Prepare the cauliflower rice. If you’re making your own cauliflower rice, place the cauliflower on a cutting board and dice into very small pieces, approximately the size of rice. You can also do this in a food processor if you have one! After the cauliflower has been “riced,” heat 1-2 tbsp of avocado oil in a sauté pan over medium heat. Once warm, add the cauliflower rice to the pan and season with salt and pepper. Cook for about 5 minutes, then add 1/2 can of full-fat coconut milk to the pan. Let the cauliflower simmer in the coconut milk until it begins to thicken and the cauliflower is fully tender, usually another 5 minutes.
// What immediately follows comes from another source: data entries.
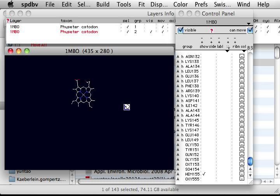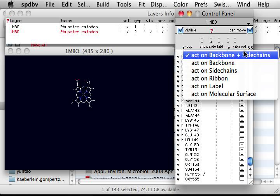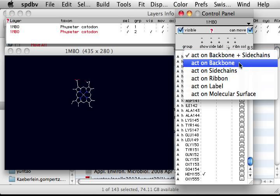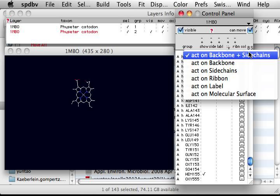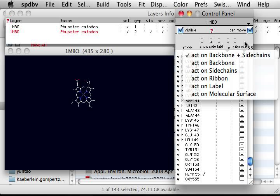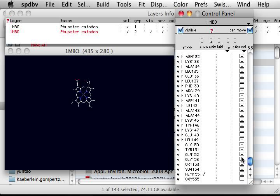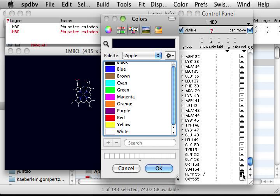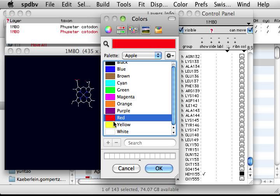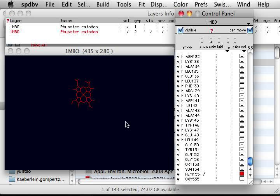In most textbooks, this heme structure is shown in color red. Click color for the heme structure. We select red.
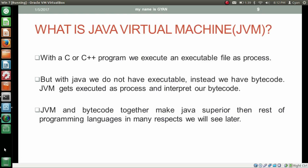Now, what is the Java Virtual Machine or JVM? With a C or C++ program we execute an executable file as a process. But with Java we do not have an executable — instead we have bytecodes. JVM gets executed as a process and interprets our bytecodes. JVM and bytecode together make Java superior to other programming languages in many respects, which we will see later.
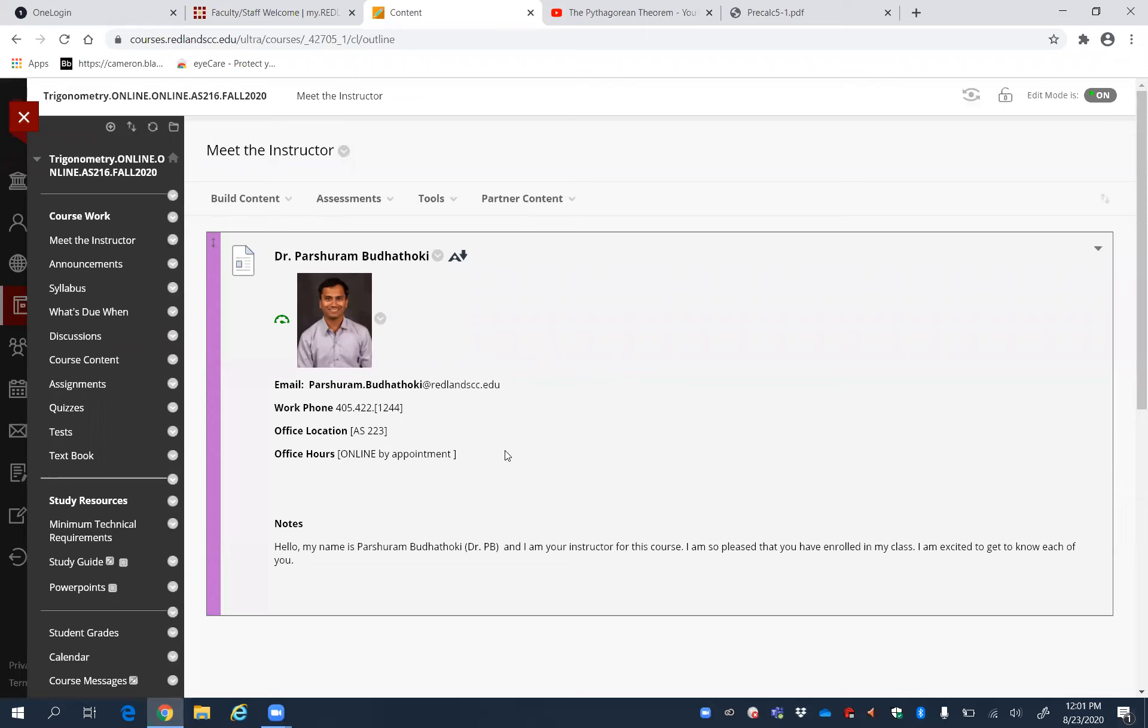These are my preferable office hours for you. If you want to meet me one-on-one, you have to email me and we can create a one-on-one session. If those hours are not good for you, just let me know and I can give you some other times as well.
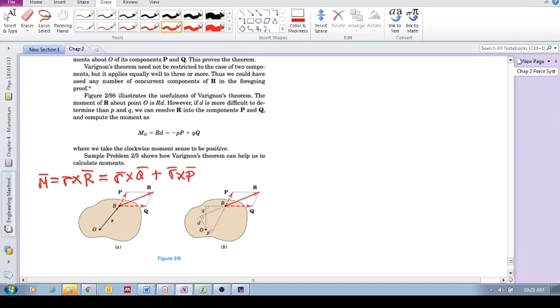This is in vector form. In scalar form, the magnitude of the moment is Rd. What is that? It's the magnitude of R times D. That's the perpendicular distance. I think we're happy with that.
Taste and season with additional salt and pepper, if needed. Remove from the heat and set aside.
Cook the salmon. In a separate pan, heat another 1-2 tbsp of avocado oil over medium heat. Once warm, add the marinated salmon and cook, stirring every 1-2 minutes so each side gets golden brown. Cook until it is no longer pink in the middle. This usually takes about 5-7 minutes.
Make the drizzling sauce. To a small bowl, add 2 tbsp mayonnaise and 1 tbsp coconut aminos. Stir using a spoon until well combined.
Assemble your bowls. Scoop a heaping portion of the coconut rice into a bowl. Then top with the salmon, edamame, scallions, avocado, and diced cucumbers. Sprinkle some “everything but the bagel” seasoning or sesame seeds on top and drizzle with the sauce. Optional, but a delicious way to boost your nutrient intake, is to add a bit of broccoli sprouts on top as well! Serve warm.